Lottery thinking

Lottery thinking

Ironically enough, lottery thinking is a chronic problem.

Lotteries of all sorts grab our attention and change our agenda.

A lottery is an almost random event, a longshot, one that promises to change your life (for the better if it’s a money thing, for the worse if it’s medical, etc.).

The simple and immediate nature of the outcome is an essential part of the lottery’s power.

Getting hit by lightning, finding the perfect job, having a djinni grant three wishes–these are all lotteries.

We spent billions of dollars keeping liquids out of carry-on luggage for no rational reason. It was simply a negative lottery, one that momentarily got the public’s attention and then became part of a narrative about control.

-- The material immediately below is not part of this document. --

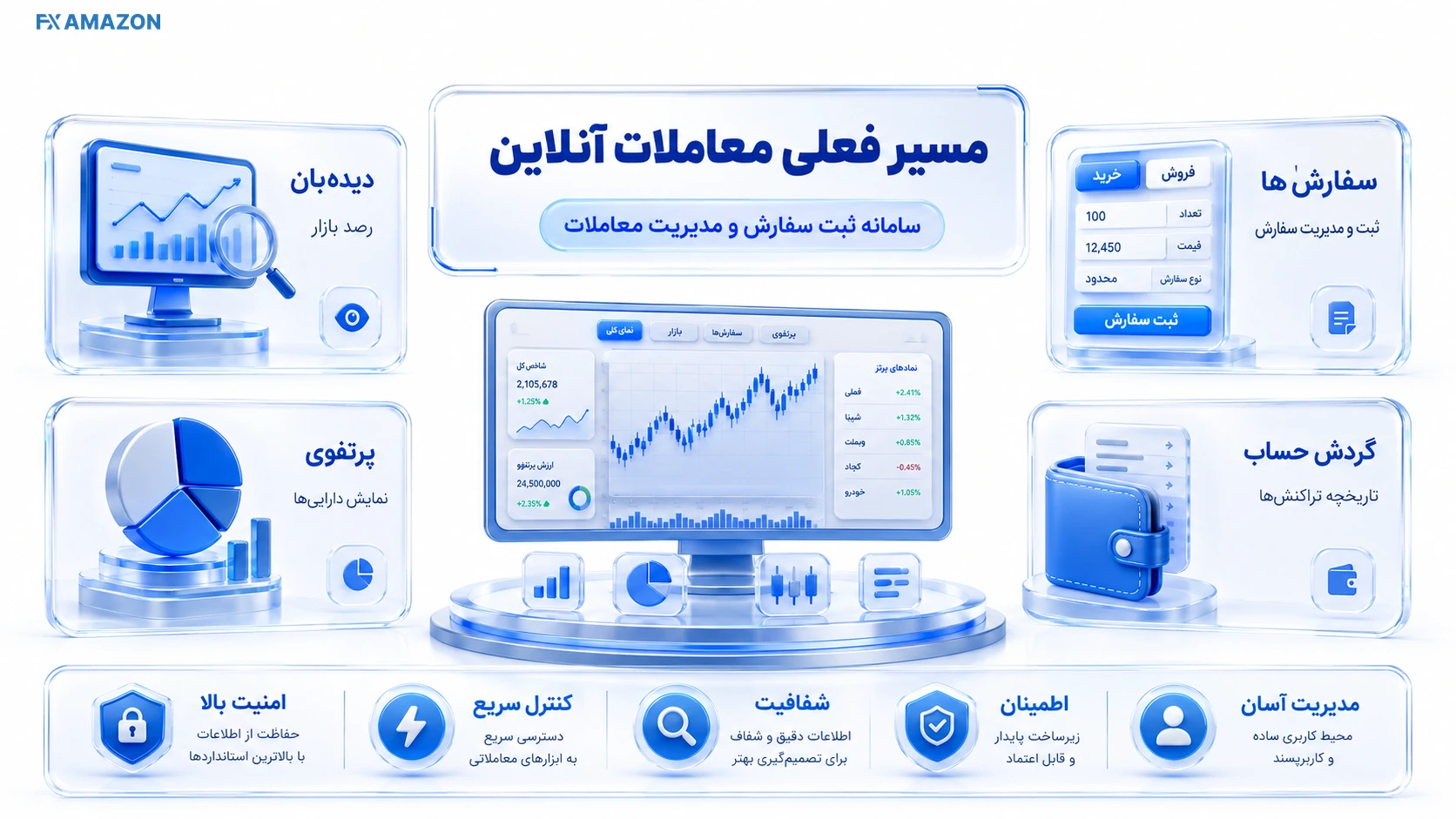 Bidar Trader vs Exir Access دو پنل معاملاتی روی نمایشگر با تبهای بیدار تریدر و اکسیر و نشانه ورود امن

There’s a mismatch between how vivid an outcome is and the odds that make that outcome likely or important to our daily plans. High media attention plus sudden change plus low odds tend to focus our minds more than the opposite.

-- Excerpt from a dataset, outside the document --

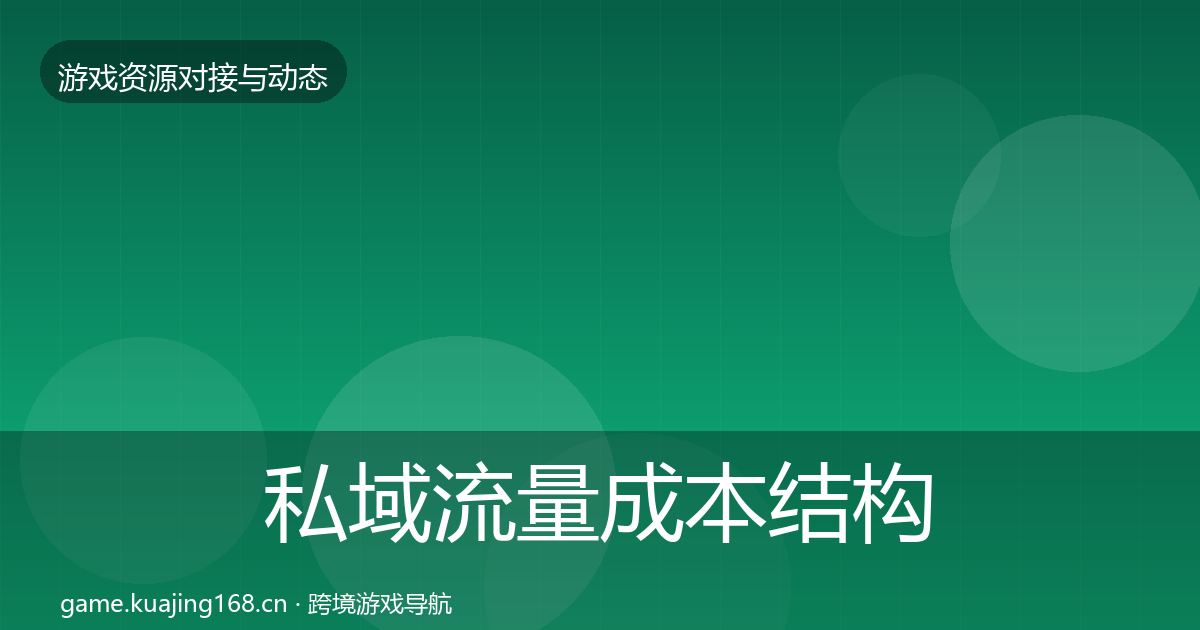 私域流量成本结构分析要点梳理·第2070篇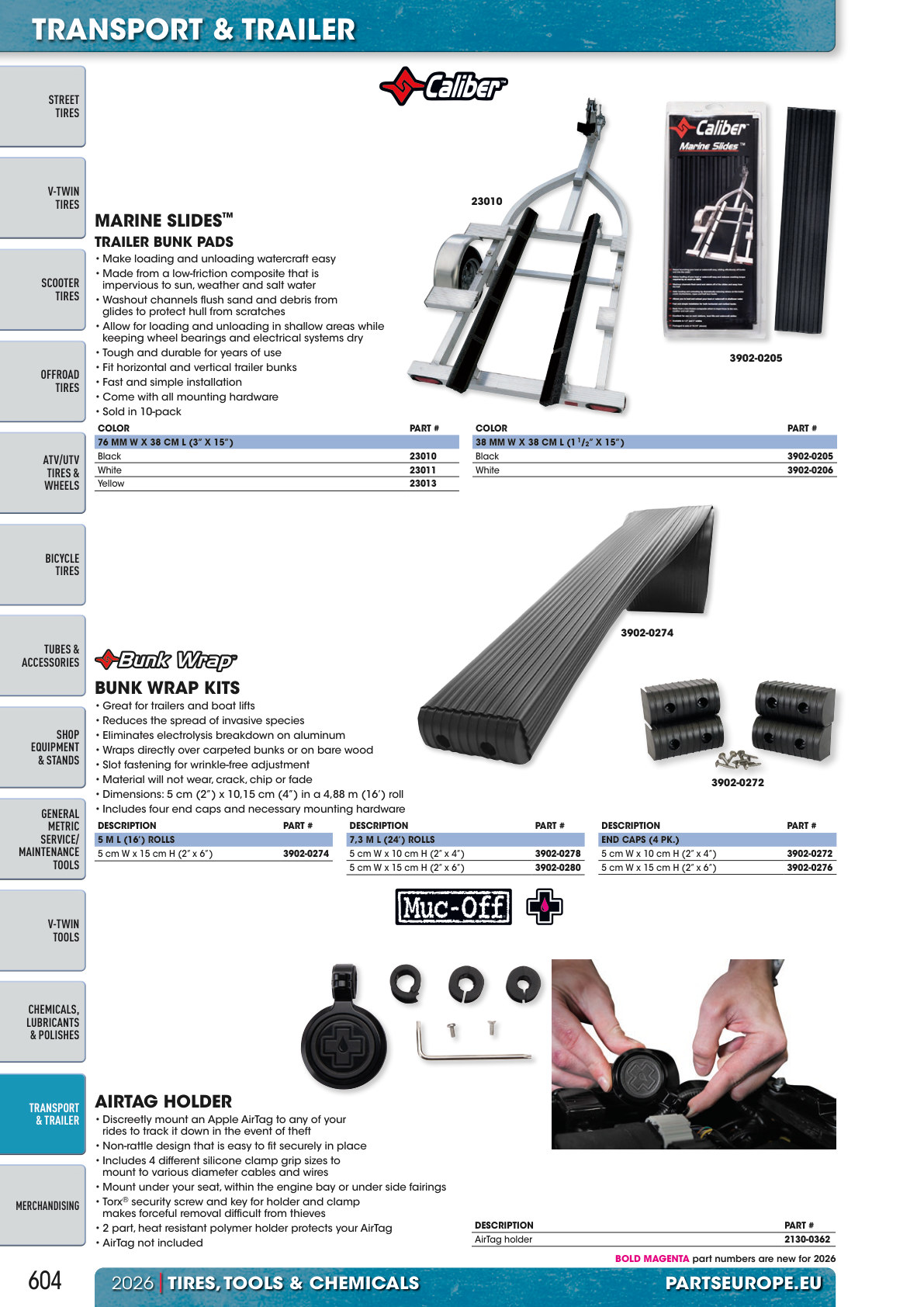 Workshop catalogue page 604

The problem with lottery thinking is that it takes us away from thinking about the chronic stuff instead. The pervasive, consistent challenge that will respond to committed effort.

PS relevant aside: The other day I was passed by someone who was headed toward me, at high speed, in the middle of the street. He was on an electric skateboard. He had on a face mask, of course, but it was askew. He wasn’t wearing a helmet and he was vaping, all at the same time. Go figure.